QUICK TRAIL FACTS
- Preserve Size: 800,000 acres in White Mountain Forest (ME and NH)
- Trail Mileage: 4 miles in network
- Pets: yes
- Difficulty: difficult
- Sights: views, open ledges (1,930 ft.)
If you hiked this mountain several years ago, you’ll notice the trail system has changed. Beaver activity has washed out the old Albany Notch Trail, at least on the northern side of this mountain.
The best way to tackle this wonderful mountain is to park at the trailhead off the dirt road that leads to Crocker Pond Campground. You can get here by driving down Patte Brook Road. Once you start hiking, you’ll first head out along a flat section of the trail and then start climbing. To reach the beautiful southerly views, follow the cairns for .4 miles along the ledges. Then relax, rest, and take it all in! It’s about two miles to the top.
You can also hike up the 2.2-mile Albany Notch trail, on the other side of the mountain. It doesn’t appear this is a popular way to hike, and there is no easy place to park at the bottom (unless you have a four-wheel drive and can drive along the pretty bad access road to the trailhead gate). This path can also be quite wet.
Directions: From Bethel take Route 5 south past Songo Pond and turn right onto the Patte Brook Road at the sign indicating National Forest Camping. Follow signs toward Crocker Pond Campground. (You’ll make a left onto Crocker Pond Road). Travel .6 miles to the trailhead on the right.

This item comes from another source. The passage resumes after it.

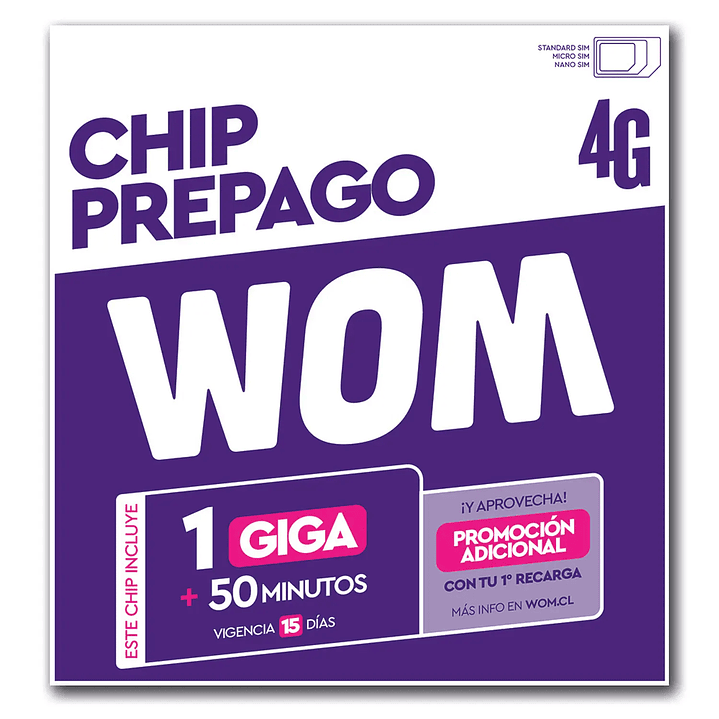 Chip Prepago Entel WOM Movistar Claro 1
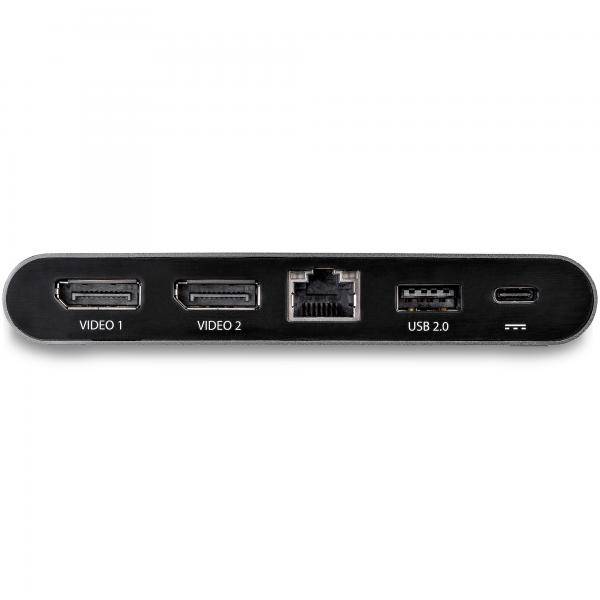 StarTech.com USB C Dock, 4K Dual Monitor DisplayPort, Mini Laptop Docking Station, 100W Power Delivery Passthrough, GbE,-2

To reach the Notch Trail, follow Birch Ave. from Route 5, all the way to the end, past several camps. Look for a brown park sign pointing to Albany Notch Trail. You can park here, I think? Off to the side of the road. Or you can keep driving, as far as the trailhead gate, if possible. There are snowmobile paths at the trailhead gate, too, branching off in different directions. If your car isn’t tough enough for this, try to park off to the side of the narrow Birch Ave. Then follow the road in; eventually you will see yellow blazes.